The white paper/update offers a couple of specific examples of requests,

Some examples of the types of requests the Library has received indicate how researchers might use this archive to inform future scholarship:

* A master’s student is interested in understanding the role of citizens in disruptive events. The student is focusing on real-time micro-blogging of terrorist attacks. The questions focus on the timeliness and accuracy of tweets during specified events.

* A post-doctoral researcher is looking at the language used to spread information about charities’ activities and solicitations via social media during and immediately following natural disasters. The questions focus on audience targets and effectiveness. (p. 4)

At least one of the reasons  no one has received access to the tweets is that a single search of the archived (2006- 2010) tweets alone would take 24 hours,

The Library has assessed existing software and hardware solutions that divide and simultaneously search large data sets to reduce search time, so-called “distributed and parallel computing”. To achieve a significant reduction of search time, however, would require an extensive infrastructure of hundreds if not thousands of servers. This is cost prohibitive and impractical for a public institution.

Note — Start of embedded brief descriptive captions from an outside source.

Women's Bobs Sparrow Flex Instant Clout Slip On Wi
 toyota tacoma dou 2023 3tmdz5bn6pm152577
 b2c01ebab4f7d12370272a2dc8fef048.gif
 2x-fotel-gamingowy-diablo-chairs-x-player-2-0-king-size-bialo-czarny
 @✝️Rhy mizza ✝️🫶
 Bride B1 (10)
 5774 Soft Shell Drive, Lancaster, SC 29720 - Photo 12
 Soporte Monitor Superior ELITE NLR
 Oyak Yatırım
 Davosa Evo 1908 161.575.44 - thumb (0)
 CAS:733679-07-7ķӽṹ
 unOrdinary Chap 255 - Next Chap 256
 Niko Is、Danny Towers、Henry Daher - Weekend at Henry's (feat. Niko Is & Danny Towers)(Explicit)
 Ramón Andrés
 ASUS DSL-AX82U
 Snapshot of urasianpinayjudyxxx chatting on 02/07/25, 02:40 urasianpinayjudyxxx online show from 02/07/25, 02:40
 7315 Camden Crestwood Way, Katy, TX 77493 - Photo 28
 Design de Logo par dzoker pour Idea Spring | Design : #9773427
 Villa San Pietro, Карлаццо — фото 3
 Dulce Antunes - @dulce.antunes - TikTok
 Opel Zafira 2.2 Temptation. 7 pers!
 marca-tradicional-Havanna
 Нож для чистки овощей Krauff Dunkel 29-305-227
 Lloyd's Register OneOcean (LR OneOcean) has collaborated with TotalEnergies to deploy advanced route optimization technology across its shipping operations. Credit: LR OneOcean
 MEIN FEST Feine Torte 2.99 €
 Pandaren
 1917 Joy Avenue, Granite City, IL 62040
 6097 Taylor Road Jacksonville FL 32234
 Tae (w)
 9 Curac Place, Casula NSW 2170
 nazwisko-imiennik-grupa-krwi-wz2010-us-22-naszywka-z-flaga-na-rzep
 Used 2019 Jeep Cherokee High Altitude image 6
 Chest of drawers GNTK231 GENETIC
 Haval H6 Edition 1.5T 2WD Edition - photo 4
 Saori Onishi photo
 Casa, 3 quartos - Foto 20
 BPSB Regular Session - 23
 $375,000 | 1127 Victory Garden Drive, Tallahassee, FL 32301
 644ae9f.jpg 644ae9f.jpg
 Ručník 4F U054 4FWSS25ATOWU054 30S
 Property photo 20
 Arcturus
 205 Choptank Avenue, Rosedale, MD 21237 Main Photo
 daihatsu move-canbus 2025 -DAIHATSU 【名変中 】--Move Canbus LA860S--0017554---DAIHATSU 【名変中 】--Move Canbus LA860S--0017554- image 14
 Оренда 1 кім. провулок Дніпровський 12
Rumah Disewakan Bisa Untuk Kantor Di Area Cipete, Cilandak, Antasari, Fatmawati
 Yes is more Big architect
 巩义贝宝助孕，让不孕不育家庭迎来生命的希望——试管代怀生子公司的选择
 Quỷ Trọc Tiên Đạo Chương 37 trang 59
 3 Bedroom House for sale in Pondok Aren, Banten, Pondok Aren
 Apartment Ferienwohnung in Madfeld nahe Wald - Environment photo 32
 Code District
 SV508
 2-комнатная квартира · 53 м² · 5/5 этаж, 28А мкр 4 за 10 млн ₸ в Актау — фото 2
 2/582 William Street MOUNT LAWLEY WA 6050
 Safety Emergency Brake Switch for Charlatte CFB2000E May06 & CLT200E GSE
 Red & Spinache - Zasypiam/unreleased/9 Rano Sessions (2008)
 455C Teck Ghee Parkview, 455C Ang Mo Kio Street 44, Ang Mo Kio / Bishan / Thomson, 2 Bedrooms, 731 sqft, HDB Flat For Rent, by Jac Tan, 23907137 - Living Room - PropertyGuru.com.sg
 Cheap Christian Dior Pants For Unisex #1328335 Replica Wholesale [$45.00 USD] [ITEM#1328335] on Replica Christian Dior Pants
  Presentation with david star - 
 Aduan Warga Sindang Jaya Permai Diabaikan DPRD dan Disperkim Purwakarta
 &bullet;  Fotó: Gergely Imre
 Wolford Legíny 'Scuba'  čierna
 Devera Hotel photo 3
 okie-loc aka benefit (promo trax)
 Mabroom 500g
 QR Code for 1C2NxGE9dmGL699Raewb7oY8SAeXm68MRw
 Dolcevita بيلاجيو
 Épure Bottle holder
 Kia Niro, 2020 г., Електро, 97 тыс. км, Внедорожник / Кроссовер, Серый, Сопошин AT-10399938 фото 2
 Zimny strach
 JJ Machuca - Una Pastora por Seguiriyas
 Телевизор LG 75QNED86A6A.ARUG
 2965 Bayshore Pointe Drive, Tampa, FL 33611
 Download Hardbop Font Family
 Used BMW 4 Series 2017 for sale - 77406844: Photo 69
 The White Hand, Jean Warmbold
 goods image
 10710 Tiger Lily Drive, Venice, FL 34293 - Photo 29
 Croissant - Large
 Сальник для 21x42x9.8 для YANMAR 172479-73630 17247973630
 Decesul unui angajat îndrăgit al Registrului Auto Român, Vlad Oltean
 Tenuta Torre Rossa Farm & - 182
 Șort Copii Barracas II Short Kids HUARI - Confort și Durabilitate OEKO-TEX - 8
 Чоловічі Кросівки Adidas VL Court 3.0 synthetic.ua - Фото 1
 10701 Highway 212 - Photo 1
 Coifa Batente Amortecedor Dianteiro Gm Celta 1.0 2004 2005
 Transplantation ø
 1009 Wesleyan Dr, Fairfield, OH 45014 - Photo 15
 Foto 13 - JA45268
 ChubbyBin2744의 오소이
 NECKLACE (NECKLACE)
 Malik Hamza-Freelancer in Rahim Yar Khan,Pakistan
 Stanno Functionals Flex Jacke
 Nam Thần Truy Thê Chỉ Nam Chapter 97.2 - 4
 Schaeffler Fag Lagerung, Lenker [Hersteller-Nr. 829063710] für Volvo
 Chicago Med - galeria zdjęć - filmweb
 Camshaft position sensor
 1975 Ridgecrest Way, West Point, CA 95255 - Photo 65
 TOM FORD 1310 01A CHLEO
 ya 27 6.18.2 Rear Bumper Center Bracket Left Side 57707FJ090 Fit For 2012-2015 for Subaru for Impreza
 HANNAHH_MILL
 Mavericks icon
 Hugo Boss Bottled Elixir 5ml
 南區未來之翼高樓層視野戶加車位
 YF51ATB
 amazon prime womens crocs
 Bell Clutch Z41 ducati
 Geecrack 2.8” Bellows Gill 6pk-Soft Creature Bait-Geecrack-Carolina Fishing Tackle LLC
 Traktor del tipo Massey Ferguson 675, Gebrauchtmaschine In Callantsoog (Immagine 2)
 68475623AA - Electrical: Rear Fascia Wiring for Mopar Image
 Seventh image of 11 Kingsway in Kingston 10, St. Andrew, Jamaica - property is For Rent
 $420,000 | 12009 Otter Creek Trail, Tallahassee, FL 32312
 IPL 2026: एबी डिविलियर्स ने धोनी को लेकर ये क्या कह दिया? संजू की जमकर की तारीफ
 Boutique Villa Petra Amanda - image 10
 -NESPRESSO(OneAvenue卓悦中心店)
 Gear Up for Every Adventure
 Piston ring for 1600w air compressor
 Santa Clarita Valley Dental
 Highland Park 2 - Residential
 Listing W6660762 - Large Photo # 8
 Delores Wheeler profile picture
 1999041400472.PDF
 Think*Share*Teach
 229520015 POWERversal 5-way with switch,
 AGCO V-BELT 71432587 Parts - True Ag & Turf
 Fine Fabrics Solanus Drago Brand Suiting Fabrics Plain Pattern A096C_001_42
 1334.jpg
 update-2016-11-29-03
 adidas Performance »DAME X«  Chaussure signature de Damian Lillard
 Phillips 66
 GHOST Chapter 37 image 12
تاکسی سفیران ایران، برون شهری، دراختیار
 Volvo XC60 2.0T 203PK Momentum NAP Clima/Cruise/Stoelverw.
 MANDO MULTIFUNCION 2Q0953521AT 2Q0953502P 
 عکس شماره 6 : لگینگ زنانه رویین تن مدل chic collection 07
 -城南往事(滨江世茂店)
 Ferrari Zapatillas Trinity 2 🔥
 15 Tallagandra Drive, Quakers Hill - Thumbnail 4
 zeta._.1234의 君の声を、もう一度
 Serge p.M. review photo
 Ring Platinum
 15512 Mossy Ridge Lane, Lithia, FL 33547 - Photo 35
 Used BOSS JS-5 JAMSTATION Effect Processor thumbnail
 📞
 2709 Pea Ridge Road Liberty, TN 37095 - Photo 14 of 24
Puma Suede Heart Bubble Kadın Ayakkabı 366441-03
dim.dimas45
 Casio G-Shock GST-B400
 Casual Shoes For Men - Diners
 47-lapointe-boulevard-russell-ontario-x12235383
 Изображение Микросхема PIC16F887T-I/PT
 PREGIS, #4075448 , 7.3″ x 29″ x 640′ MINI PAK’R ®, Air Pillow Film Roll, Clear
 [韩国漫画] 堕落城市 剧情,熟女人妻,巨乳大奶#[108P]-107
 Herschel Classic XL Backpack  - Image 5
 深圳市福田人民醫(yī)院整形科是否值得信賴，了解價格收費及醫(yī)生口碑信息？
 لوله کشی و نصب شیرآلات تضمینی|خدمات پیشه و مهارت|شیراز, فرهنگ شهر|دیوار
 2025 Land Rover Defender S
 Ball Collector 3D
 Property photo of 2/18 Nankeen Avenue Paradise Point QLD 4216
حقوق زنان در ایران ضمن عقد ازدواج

Some private companies offer access to historic tweets but they are not the free, indexed and searchable access that would be of most value to legislative researchers and scholars.

It is clear that technology to allow for scholarship access to large data sets is not nearly as advanced as the technology for creating and distributing that data. Even the private sector has not yet implemented cost-effective commercial solutions because of the complexity and resource requirements of such a task. (p. 4)

David Bruggeman goes on to suggest that, in an attempt to make the tweets searchable and more easily accessible, all this information could end up behind a paywall (Note: A link has been removed),

I’m reminded of how Ancestry.com managed to get exclusive access to Census records.  While the Bureau benefitted from getting the records digitized, having this taxpayer-paid information controlled by a private company is problematic.

As a Canuck and someone who tweets (@frogheart), I’m not sure how I feel about having my tweets archived by the US Library of Congress in the first place, let alone the possibility I might have to pay for access to my old tweets.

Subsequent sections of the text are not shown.